Biography Information

 In the Fellows Library:


Dr. Jeremy Wanderer is a Senior Lecturer in the philosophy department at the University of Cape Town. Following undergraduate studies in psychology, he completed his PhD at the London School of Economics in 2002, entitled: ‘Contagious Knowledge; A Study in the Epistemology of Testimony.’ Since then, Jeremy has written and/or edited two books and various articles on themes relating to the notion of rationality, the most recent of which is a critical introduction to the work of the contemporary American philosopher Robert Brandom (‘Robert Brandom’ - McGill-Queens University Press; 2008).

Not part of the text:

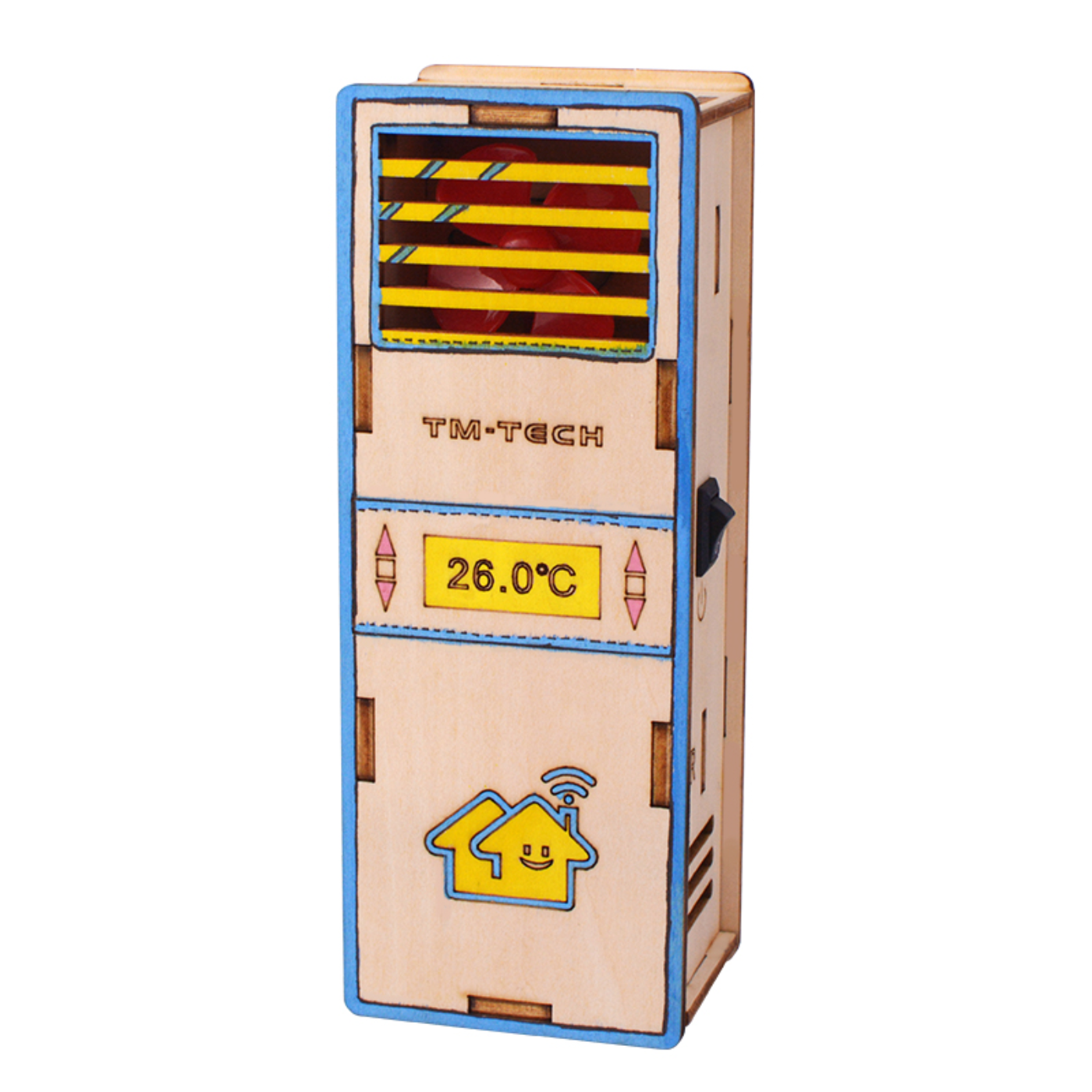 Pludo DIY Air Conditioner STEM Kit – DIY Science Kit for Kids 8–11 | Grade 3–5 Air Conditioning Model - Image 2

His current research explores topics in what could be called ‘epistemic psychology’, paying careful attention to the first-personal deliberative stance of the intellectual inquirer, and to the social and historically situated practices of rational inquiry through which belief and knowledge is acquired. He also has strong interests in questions of philosophical pedagogy, especially those regarding the role that the history of philosophy could and should play in introducing students to the subject.

Project Description

‘Social Power and the Giving and Asking for Reasons’

It has become popular in some circles to think of being rational in terms of the ability to make a move in a particular norm-governed social practice, sometimes dubbed "the game of giving and asking for reasons". Participation in such a social practice depends, in part, on the reciprocal attitudes of other participants. In any actual social practice, these attitudes will be subject to various distortions, due to the pervasive influence of social power and identity relations, resulting in the preclusion of certain groups of people from full participation in these practices. This project aims to explore some philosophically-significant aspects of this particular kind of deformation of rationality.

 

Whilst few will deny that the space of reason is subject to such deformation in practice, some argue that exploration of these issues is an empirical matter with only minimally interesting philosophical import. For others, the effect of viewing these epistemic interactions through a socio-historical lens is a thoroughgoing suspicion of the very category of reason, and a concomitant reduction of rational norms to operations of power. One motivating goal here is to that show that both responses are incorrect, by using this conception of rationality to afford philosophical insight into instances of interpersonal ethical infractions - including prejudice, silencing, ignoring and denial.